Eric Cannata: We are definitely excited for SummerStage. We have a lot of friends and family in New York City. It was only a year or so ago that we were playing upstairs at Piano’s and many of the smaller venues. Overtime, we worked our way up. We played Terminal 5 not too long ago which is an even bigger venue and notable setting.
Untapped Cities: What are you looking forward to exploring in New York?
Eric: When I go to New York City, I see my family. My mom’s brother and his family live in the city. We like to hang out on the Lower East Side in different places. We like going to Pianos, Fat Baby and Home Sweet Home. We just found many of these cool spots through family and friends.
Untapped Cities: The band just began a summer tour. Which events are you looking forward to on the road?
Eric: We are only doing about ten days in June and twenty days in July. It wraps up the shows on this touring cycle. I am looking forward to Bonnaroo, New York City and in July we are playing a couple of festivals in Canada including Osheaga.
Untapped Cities: What are your musical influences?
Eric: We listen to kind of everything. But, some of the bands we’ve been influenced by recently”¦for me is hip-hop including the new Roots album. Also, we are influenced by the electronic scene. We don’t want to make a second record that isn’t anything like the first one. It will be an evolution. We are definitely experimenting with different instruments. We have a keyboard on stage with us now. We try to take all the different influences and throw them into to whatever we do.
Untapped Cities: What are you looking forward to the most in the latter half of 2012?
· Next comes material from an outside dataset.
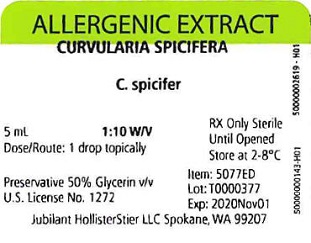 Curvularia spicifera, 5 mL 1:10 w/v Vial Label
Eric: We are going to wind down in September for about half of a year to write and record our second record. We are excited to get a bunch of new songs down and take our live set to the next level. We’ve been out for over two years on this last album cycle. We are looking forward to experimenting and making our live shows the best we can with the songs that we have. We’ve been playing three new songs live now. It has been exciting to play the new material on stage.
Untapped Cities: What can we continue to expect in the future?
Eric: We will have a new album out in the spring. We will continue to tour. Personally, I would like to do more collaborations. We are young and new band still. We’ve met so many artists on the road that it would be nice to take a week in the studio with a band and write a song together. A lot more touring next year and hopefully everyone likes our new record.